In your opinion, what's going on with Christian women in relation to dating?
Well, since Christian women are imperfect human beings, you have the sanctified attitudes and character mixed in with the unsanctified, and what you get is variable. The starting material varies, and how much the Holy Spirit has changed will vary. Some are better than others, even though they're all saved. You've probably had to deal with this in men, Christian men get to deal with this in women.
So, there are going to be some common threads between Christian and non-Christian women, but there's another layer to Christian women which may or may not be present, which is spiritualizing her choices.
So, take what women like and are attracted to - and I realize there is variance, you have your types of guys that you like, but bear with me - and add 100%, consistent Christ-like character on top of that, and that is what Christian women will say they expect. If you take her at her word, you've got multiple deal breakers simply because being the best human you can be is not enough. So she's going to have to settle - but when she settles, what kinds of guys does she settle for? Christian women that I have been into have not settled for me. Sometimes it's guys in the church, sometimes it's guys outside the church, but my problem is it's not me.
With Christians, much is done in community. In that community, if there are attractive women, there will be multiple male "orbiters" each. They want to get to know her better or get a chance to make a move and ask her out. When I was in college, "friends first" was generally the acceptable way for couples to get together among Christians, so that really exacerbated the condition. If a reasonably attractive woman throws a party in a mixed group, there will often be quite a few guys there. If she's not the most social of women and does it anyway, the women at the party can easily be outnumbered. If she picks anyone, she'll pick her favorite. This is lived experience.
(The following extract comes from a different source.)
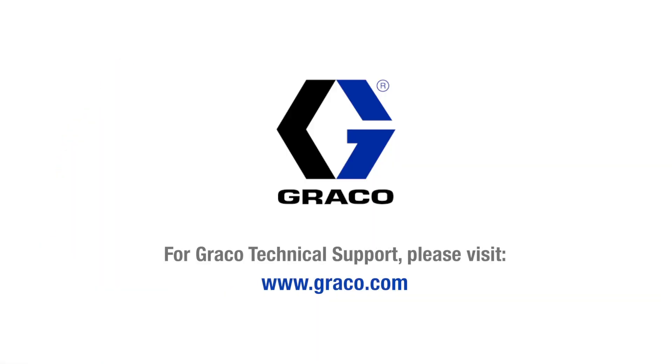For more information on the active surge suppressor, visit www.graco.com.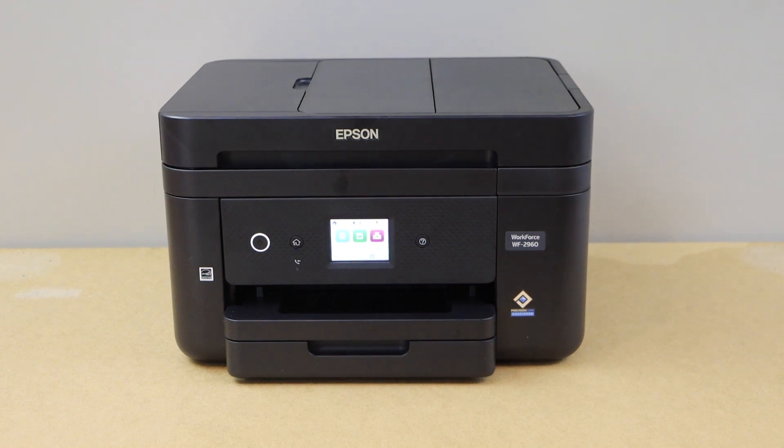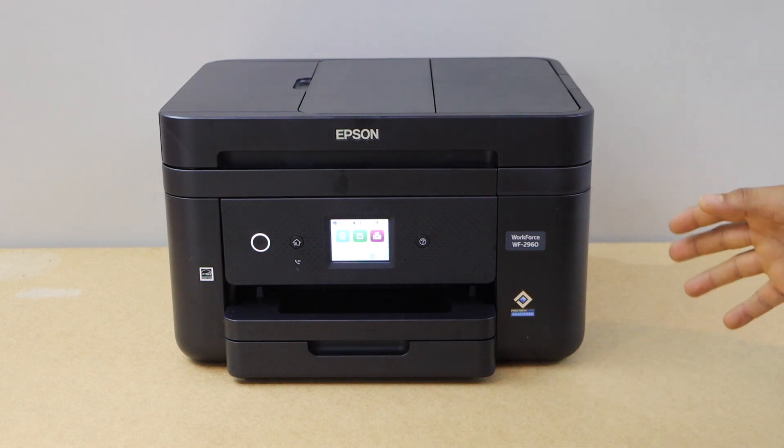In this video, I am going to show you how to do the Wi-Fi setup of your Epson Workforce 2960 all-in-one printer.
On multiple occasions, Christian women have said to each other that there's no one in the area to date
in my presence. I hope they like cats.
Then, there's what many (I won't say every) unmarried women on CF have posted about dating, relationships, what they say they want in men, and how they live. You've had a taste, I've had a bigger taste since I've been here longer. In this context, I have found that when I am asked to share what I honestly want in a woman, I get attacked for it so I have learned to craft my answers if I answer. I don't wish to break any rules or call anyone out, so I'd rather not get too specific. It's less than impressive. I realize this is a subset of Christian women, but I'm not going to have access to these kinds of conversations with the women at church.